Faye Barthold, a meteorologist with the National Weather Service’s Upton bureau, said Saturday’s temperatures are cooler than normal, in the upper 30s rather than the mid-40s. Lows tonight will be in the upper 20s.

“We’ll see clouds increase this afternoon as we go throughout the day,” Barthold said Saturday morning. “There’s a system approaching that has an outside chance of bringing us a brief period of snow tonight.”

The snow would be a dusting, if any, and would come after midnight into early Sunday morning, Barthold said.

“If we see anything, it wouldn’t really be significant.”

Matt Hammer, a meteorologist at News 12 Long Island, said weekend temperatures will stay a little below average. After cloud cover and possible snow showers early Sunday morning, the sunshine will return for the better part of the weekend.

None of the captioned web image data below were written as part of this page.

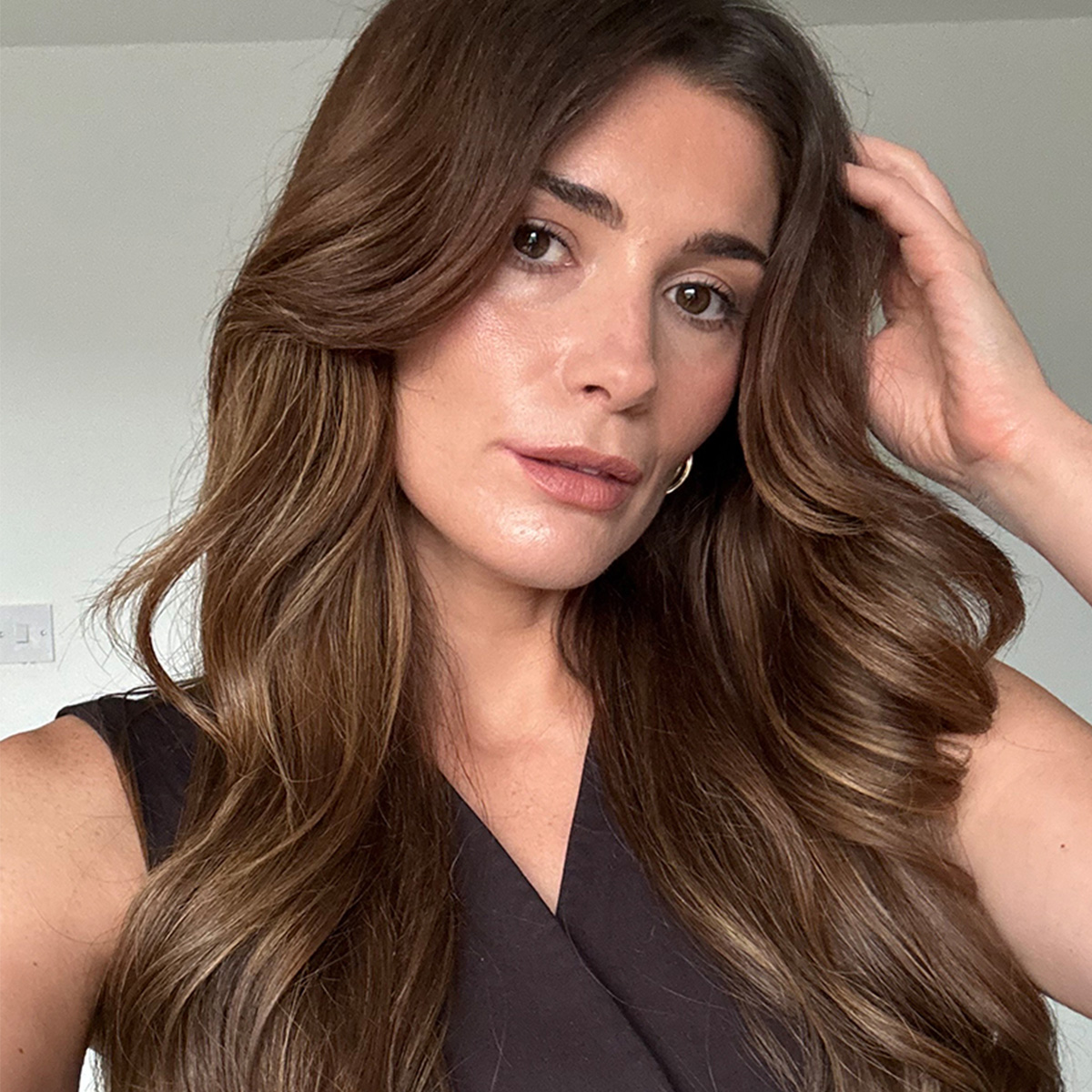 beauty editor Eleanor with loose waves hairstyle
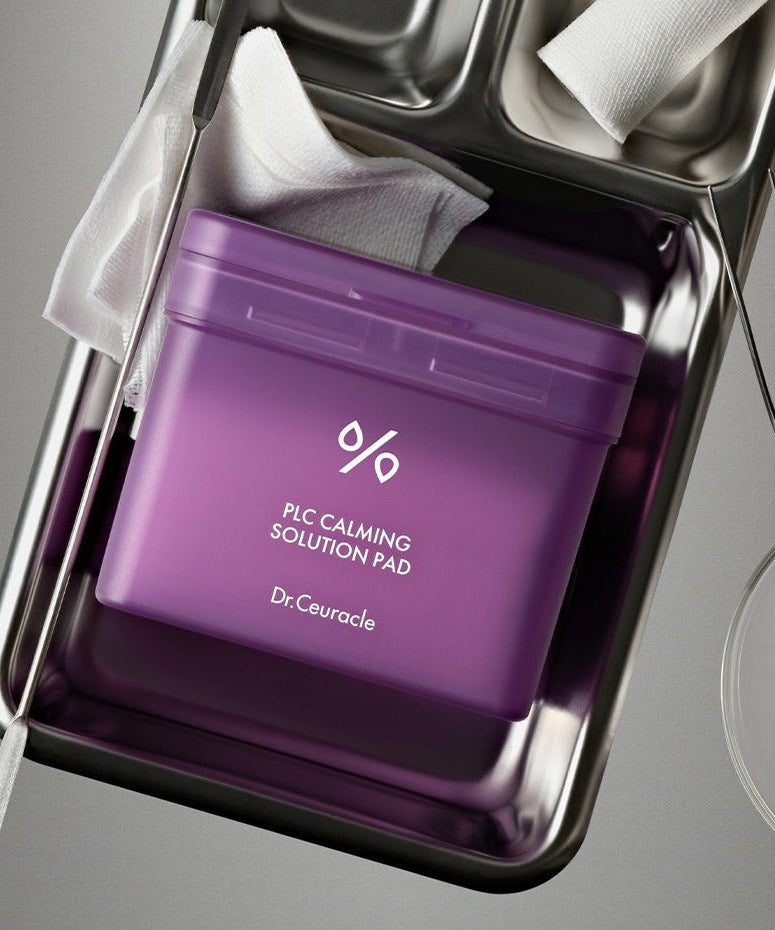 DR.CEURACLE PLC Calming Solution Pad 130 pads in purple packaging on a metal tray.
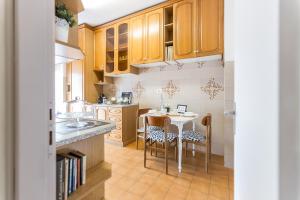 a kitchen with wooden cabinets and a table and chairs at Casa Giordano in Rome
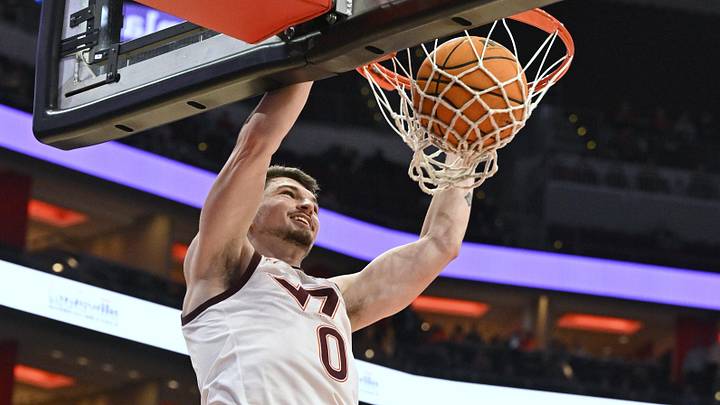 Mar 5, 2024; Louisville, Ky.; Virginia Tech guard Hunter Cattoor (0) dunks against Louisville.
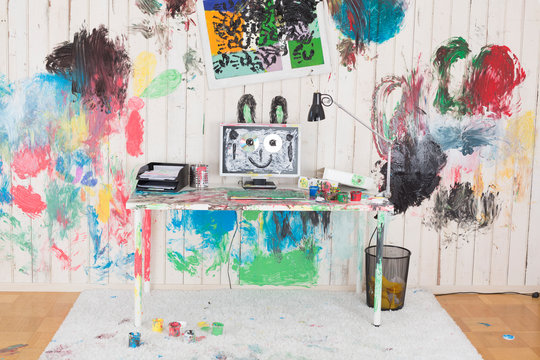 Office painted with colorful finger paint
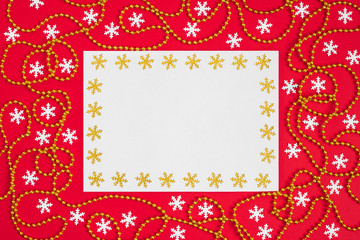 Christmas mockup with snowflakes and gold garland on red background. Happy new year. Space for text. Winter concept.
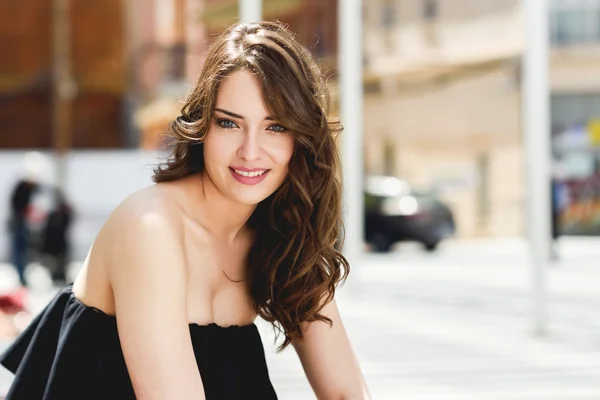 Hermosa joven con ojos azules sonriendo en el fondo urbano — Foto de Stock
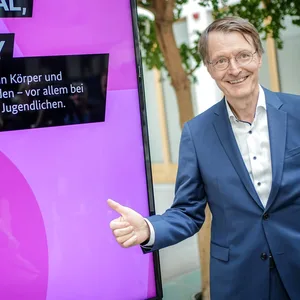 Karl Lauterbach (SPD), Bundesminister für Gesundheit, steht zu Beginn der Pressekonferenz zum Cannabis-Gesetz neben einer Werbeanzeige seines Ministeriums zum Cannabis-Konsum.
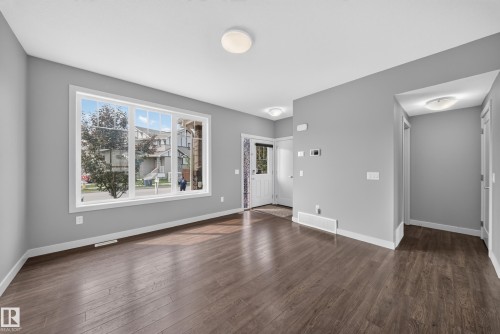 Open concept living area featuring dark wood-finish flooring, a large multi-pane window, and light gray painted walls - 2331 Casey Crescent Sw, Edmonton, AB 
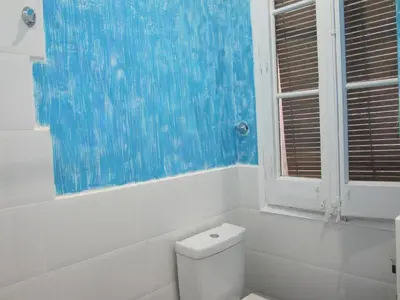 a bathroom with a white toilet and a window at Fira Plaza España Apartment 3ʳᵈ Floor Balcony in Barcelona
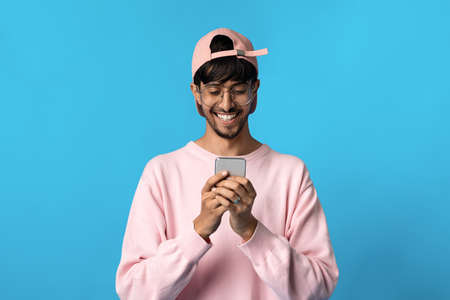 Cheerful hindu guy hipster using mobile phone on blueの写真素材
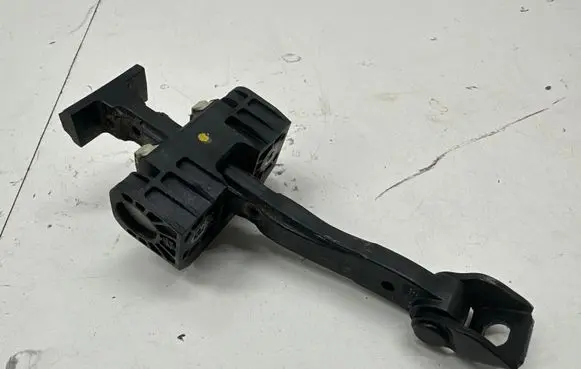Front door check strap stopper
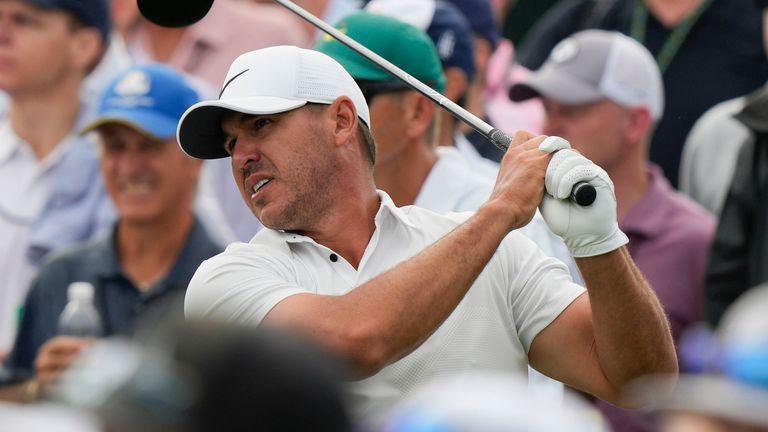Brooks Koepka watches his tee shot on the eighth hole during the second round of the Masters golf tournament at Augusta National Golf Club on Friday, April 7, 2023, in Augusta, Ga. (AP Photo/Charlie Riedel)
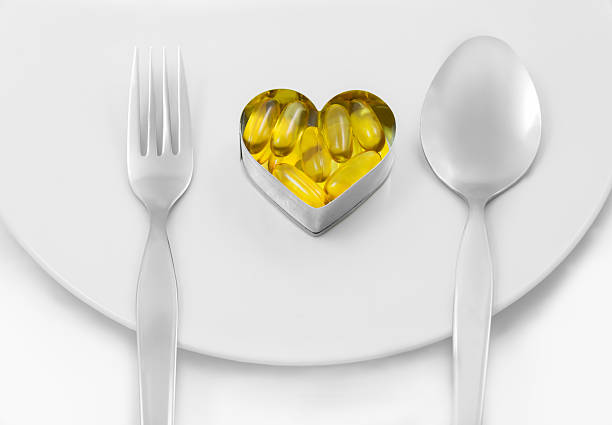 istock Fish oil heart on dish menu 518858491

“As we get into Monday, we’re back in the 50s, then jump into the 60s around Tuesday and we’re looking at potentially a record-setting Wednesday around 65 degrees,” Hammer said Saturday morning.

The previous record for Wednesday’s temperature was 64 degrees in 2000, Hammer said. A high of 60 degrees during the week would be 15 degrees above normal, Barthold said.

“It’ll give us a nice little preview to spring,” Barthold said.

Both Hammer and Barthold said winds from the south making their way north are to thank for bringing the warmer temperatures.

But Long Island isn’t out of the winter woods just yet, both Hammer and Barthold said. Trends point to the weather cooling down at the end of March and storms are always a possibility. The Island saw a light snowfall as recently as Friday, which lasted for most of the day.